At Sisters Uncut, we are obviously appalled by this, but sadly unsurprised. We know exactly how little value anyone in the Tory government places on women’s labour. The direct cuts to domestic violence services which this government has made, via cuts to housing benefit and local authority budgets, have also been cuts to many women’s livelihoods. Women who have spent years in the sector, building up their life saving knowledge and skills, increasingly find themselves laid off, those skills apparently not profitable enough for a Tory economy. Otherwise they are forced to work longer hours for lower pay and less job security, with unmanageable caseloads.

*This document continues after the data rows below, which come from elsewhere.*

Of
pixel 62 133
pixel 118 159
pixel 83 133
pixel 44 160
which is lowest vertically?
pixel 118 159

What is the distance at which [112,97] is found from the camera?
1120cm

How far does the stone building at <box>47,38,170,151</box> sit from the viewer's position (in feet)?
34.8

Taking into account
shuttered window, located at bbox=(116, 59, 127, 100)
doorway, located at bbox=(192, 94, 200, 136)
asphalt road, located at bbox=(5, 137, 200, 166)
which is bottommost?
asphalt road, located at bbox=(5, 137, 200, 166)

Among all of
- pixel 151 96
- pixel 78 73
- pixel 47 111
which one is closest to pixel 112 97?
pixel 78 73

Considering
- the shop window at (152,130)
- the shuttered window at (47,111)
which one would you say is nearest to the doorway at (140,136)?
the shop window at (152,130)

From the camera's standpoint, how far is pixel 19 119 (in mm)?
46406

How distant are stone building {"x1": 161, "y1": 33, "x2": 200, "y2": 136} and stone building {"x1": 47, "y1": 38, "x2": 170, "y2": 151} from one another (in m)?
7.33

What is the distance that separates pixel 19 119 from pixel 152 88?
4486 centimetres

These caseloads mean many workers are forced to ensure a quick turnaround and can only provide basic crisis management to the women who turn to them, for example after a big, physical incident of violence, or following police involvement. This short term work often involves necessary practical measures such as lock changes and having panic alarms fitted, but it fails to address the root of the problem. It is also focused on physical abuse, causing other forms of abuse, such as coercive control, to be overlooked. It is certainly no substitute for the long term support needed in order to empower women and help them develop the knowledge, skills and resources to flee. The ‘crisis management’ approach can also contribute to revictimisation, as long term support is crucial to understanding abusive dynamics of power and control, and to building the confidence and means to flee abuse, as well as the ability to recognise abuse early in future.
On top of this, women in insecure financial situations, like the situations which workers in the domestic violence sector are increasingly being forced into, are the women most vulnerable to abuse. This is why domestic violence disproportionately affects disabled women, women of colour, and trans women, who all face significant barriers to employment, and particularly to well paid, secure employment. This is why violence against women has increased on the Tories’ watch. This is why Sisters Uncut will be marching with student nurses this Saturday, for a society in which everyone has a secure livelihood, and no one is financially dependent on an abusive partner.